## ACTION ITEM
The listing below holds a line with "LBH Tablethülle für" and a line with "420029,Toscana Firenze Florenz". Reproduce those two lines exactly, plus everything between them.

## EXTRACTED INFORMATION
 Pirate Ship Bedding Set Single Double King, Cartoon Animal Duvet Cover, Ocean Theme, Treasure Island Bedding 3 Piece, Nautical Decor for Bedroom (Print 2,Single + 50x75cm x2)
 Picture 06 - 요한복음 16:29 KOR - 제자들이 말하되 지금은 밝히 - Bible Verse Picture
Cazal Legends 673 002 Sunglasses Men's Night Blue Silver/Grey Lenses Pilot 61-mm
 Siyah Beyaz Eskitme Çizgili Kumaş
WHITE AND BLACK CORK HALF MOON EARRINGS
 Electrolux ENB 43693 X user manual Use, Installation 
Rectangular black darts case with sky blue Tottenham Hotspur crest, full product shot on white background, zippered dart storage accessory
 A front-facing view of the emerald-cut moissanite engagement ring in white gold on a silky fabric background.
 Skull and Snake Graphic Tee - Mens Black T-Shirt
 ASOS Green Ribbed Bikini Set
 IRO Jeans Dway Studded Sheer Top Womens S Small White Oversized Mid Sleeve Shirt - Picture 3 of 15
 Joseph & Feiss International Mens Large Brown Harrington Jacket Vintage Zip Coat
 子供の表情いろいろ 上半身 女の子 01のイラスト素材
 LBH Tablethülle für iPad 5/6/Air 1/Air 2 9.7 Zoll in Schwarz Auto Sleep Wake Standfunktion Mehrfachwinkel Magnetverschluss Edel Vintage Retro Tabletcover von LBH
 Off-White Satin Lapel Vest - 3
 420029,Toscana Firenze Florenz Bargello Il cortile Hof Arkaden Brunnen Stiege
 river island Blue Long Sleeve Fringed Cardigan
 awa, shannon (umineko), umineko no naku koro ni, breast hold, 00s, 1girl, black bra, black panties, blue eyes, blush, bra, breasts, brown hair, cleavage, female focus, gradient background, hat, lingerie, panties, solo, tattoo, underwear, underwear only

## ANSWER TO THE PROBLEM
 LBH Tablethülle für iPad 5/6/Air 1/Air 2 9.7 Zoll in Schwarz Auto Sleep Wake Standfunktion Mehrfachwinkel Magnetverschluss Edel Vintage Retro Tabletcover von LBH
 Off-White Satin Lapel Vest - 3
 420029,Toscana Firenze Florenz Bargello Il cortile Hof Arkaden Brunnen Stiege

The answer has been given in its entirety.